La lutte à finir contre le « gaspillage » menée par la NGP s’incarne également dans le « just-in-time » ou la « production à flux tendu ». Dans le secteur privé, cette approche consiste à amorcer la production d’une marchandise au moment où elle est commandée par le client plutôt que d’accumuler des stocks et de risquer de se retrouver dans une situation de surproduction menant au gaspillage. Appliquée dans le système d’éducation, cette approche force les CSS à attendre chaque année à la toute dernière minute pour embaucher le personnel requis, puisque le nombre d’élèves inscrits, qui définit les besoins et le financement reçu, peut continuer de varier plusieurs jours, voire plusieurs semaines, après la rentrée.

Cette même logique contraint également les gestionnaires scolaires à maintenir une proportion importante de leur personnel dans la précarité puisque, pour optimiser l’utilisation des ressources et éviter tout gaspillage, ils doivent être en mesure de déplacer les employé·e·s ou de les mettre à pied au gré des fluctuations des besoins et du nombre d’élèves. C’est ce qui explique qu’en pleine pénurie de main-d’œuvre, des enseignantes fraîchement sorties de l’école peinent à trouver des contrats et ne se font offrir que des postes précaires et des remplacements temporaires.

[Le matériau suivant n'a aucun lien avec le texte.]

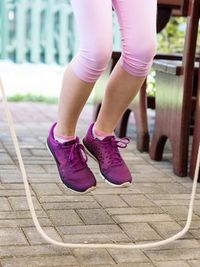 Low section of girl with pink shoes jumping a jump rope 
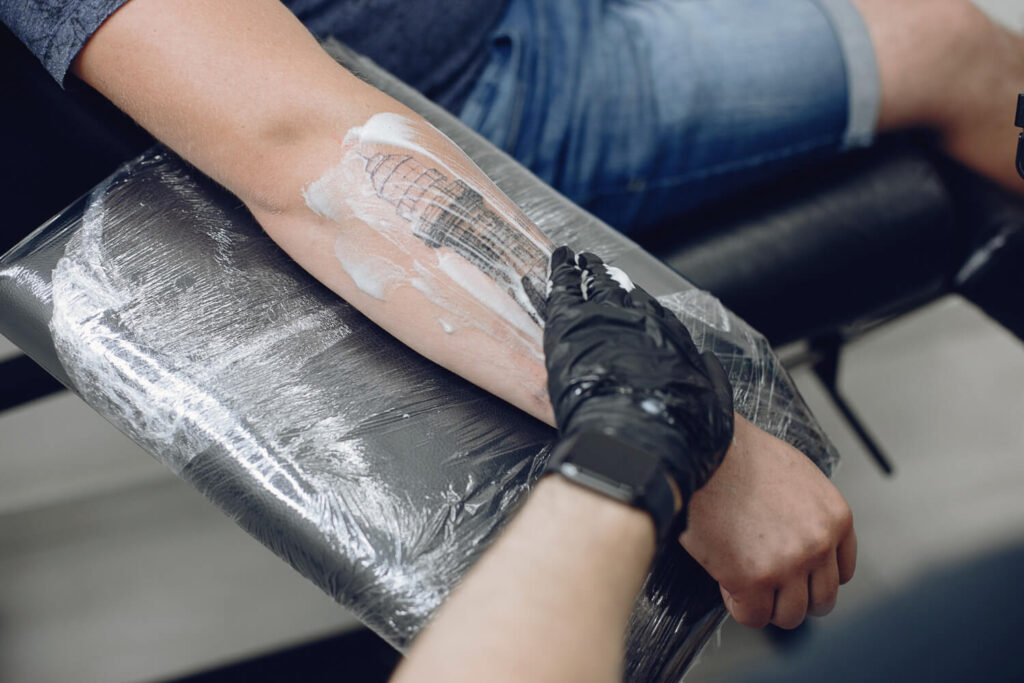 Main appliquant une crème de soin sur un tatouage en cours de cicatrisation, suivant un guide jour après jour.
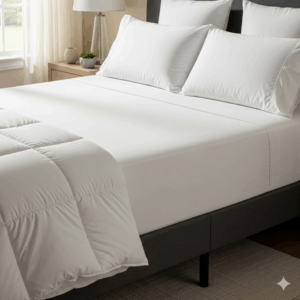 A fully made bed featuring a 54x75 mattress with crisp white sheets, a comforter, and pillows, showing how the mattress fits standard bedding.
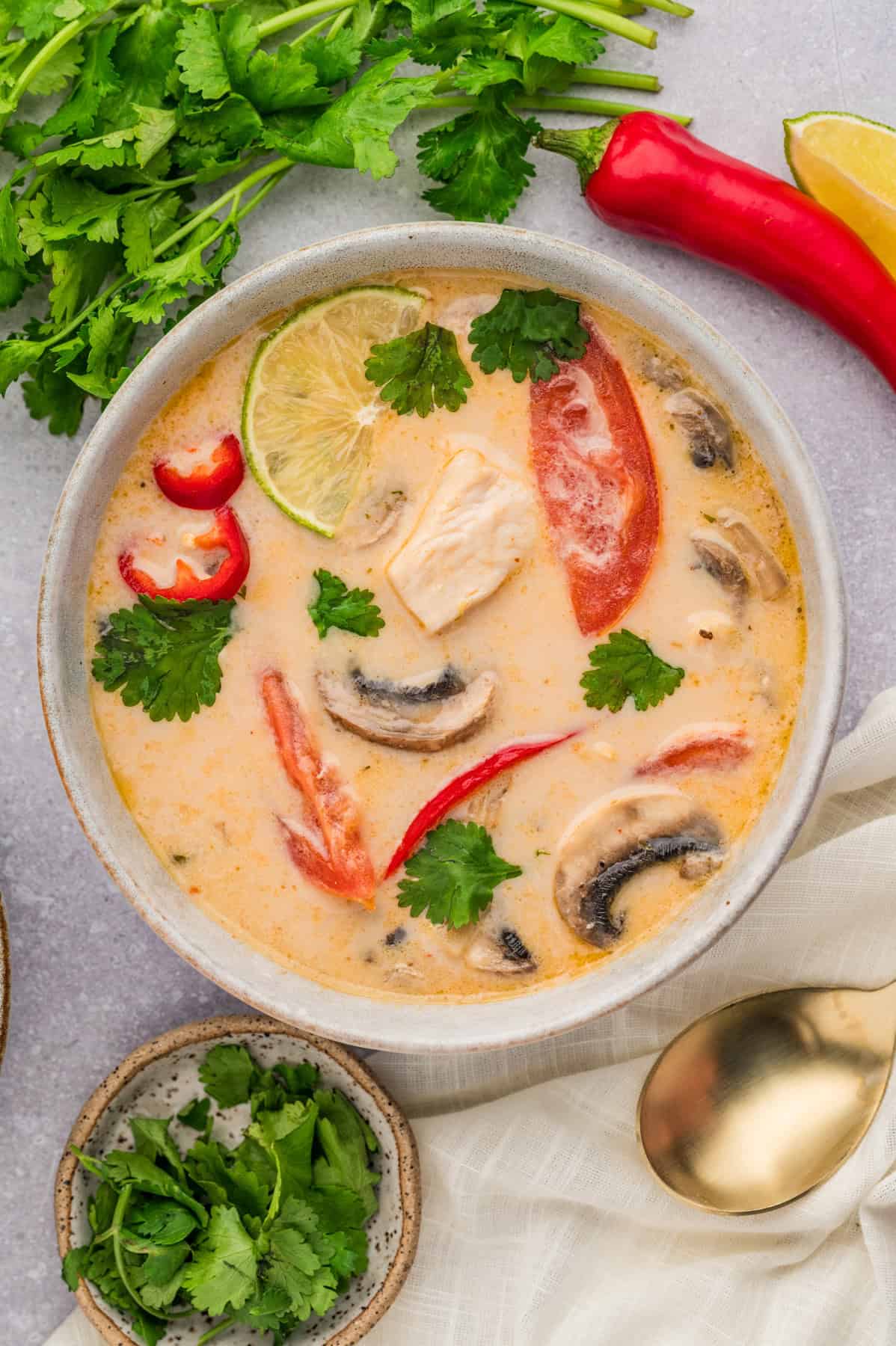 An overhead image of a bowl of tom kha gai soup.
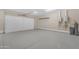 Clean and spacious garage featuring a white garage door, ample storage space, and organized utility systems at 7130 E Navarro Way, Scottsdale, AZ 85266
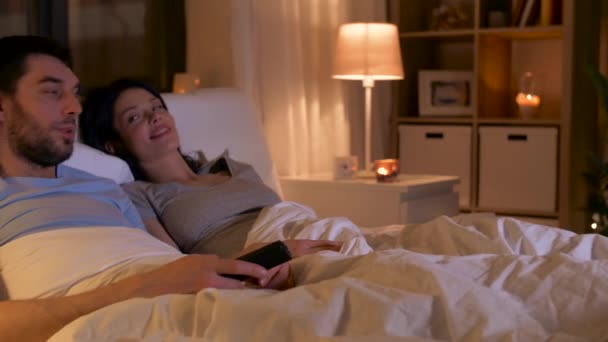 happy couple watching tv in bed at home - Séquence, vidéo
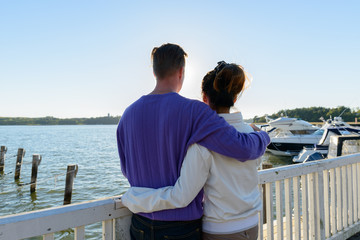Rear view of young multi ethnic couple hugging together at the pier outdoors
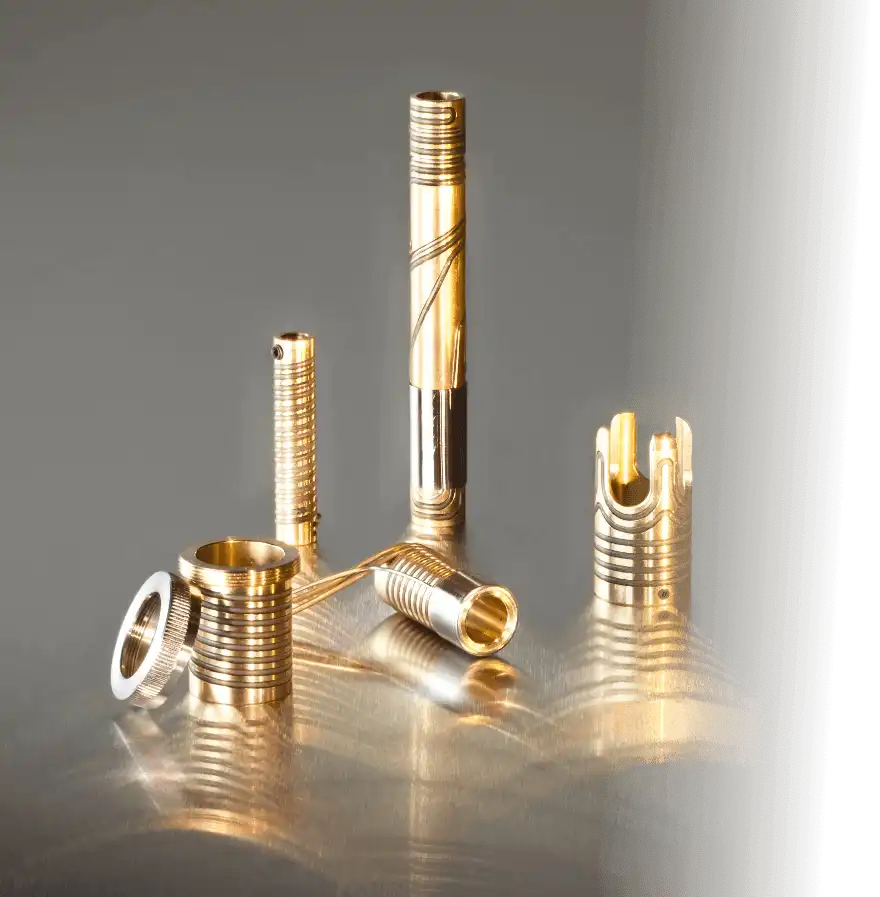 Five cylindrical brass components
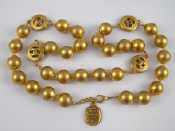 Appraisal: Chanel A gilt bead necklace by Chanel beads approx mm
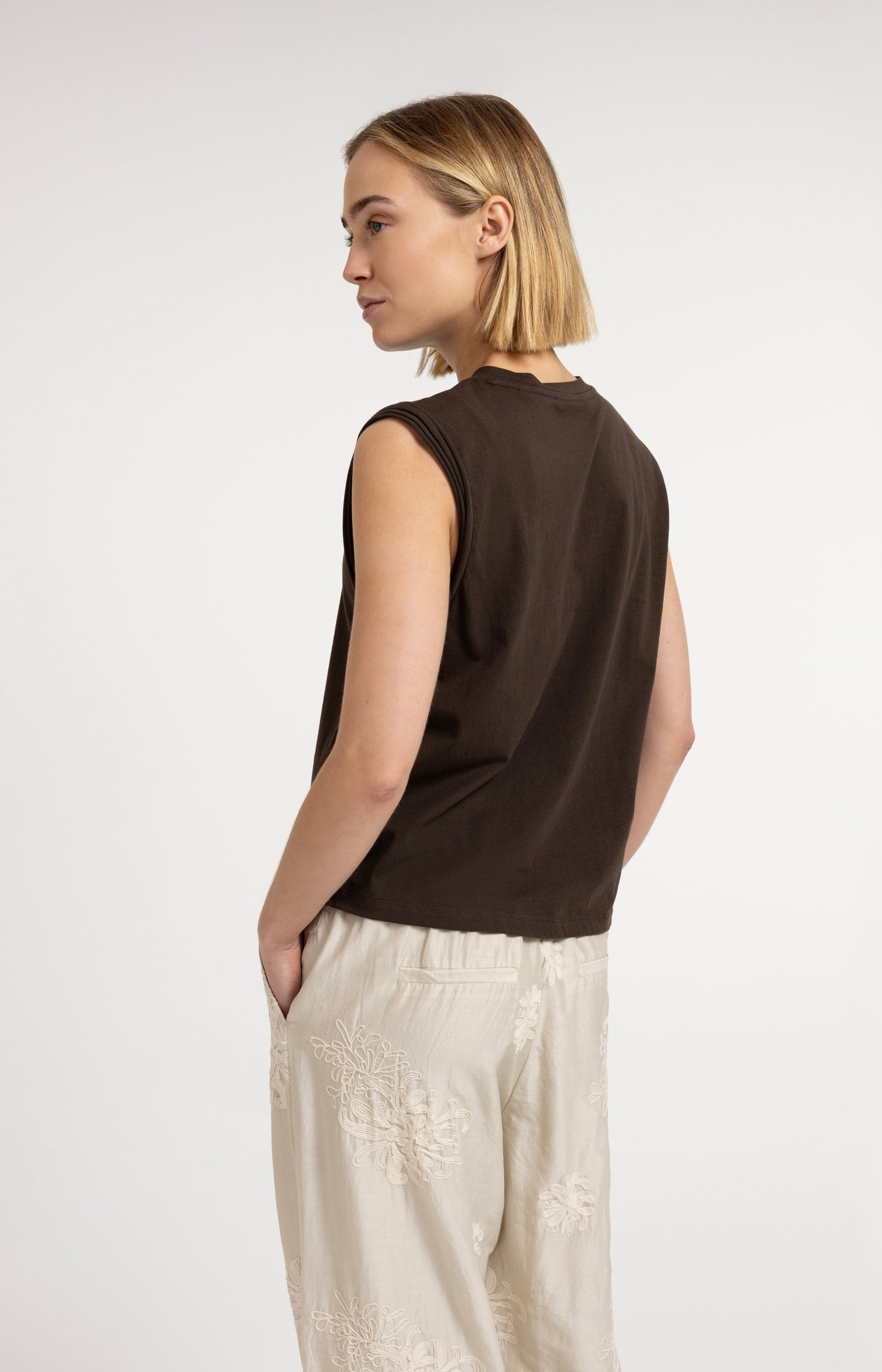 Sleeveless top with subtle sleeve details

En effet, alors que les besoins en personnel sont criants partout dans le réseau de l’éducation, la précarité est loin d’y être anecdotique : 23 % du personnel professionnel, 42 % des enseignant·e·s et 61 % (!!) du personnel de soutien à l’emploi des CSS n’avaient pas de poste permanent en 2021-2022, une situation similaire à celle qui prévalait une décennie plus tôt (calculs faits à partir de ces données). S’il est clair que cette précarité normalisée décourage l’entrée dans ces professions et contribue à alimenter le manque de main-d’œuvre en éducation, il est plus difficile de comprendre qu’on offre d’aussi mauvaises conditions à du personnel dont on manque pourtant cruellement. 

Le fait que cette contradiction évidente se dissolve dans la logique de la NGP devrait suffire à convaincre que cette approche comptable, loin d’améliorer les services, est une des sources principales des problèmes actuels du système d’éducation.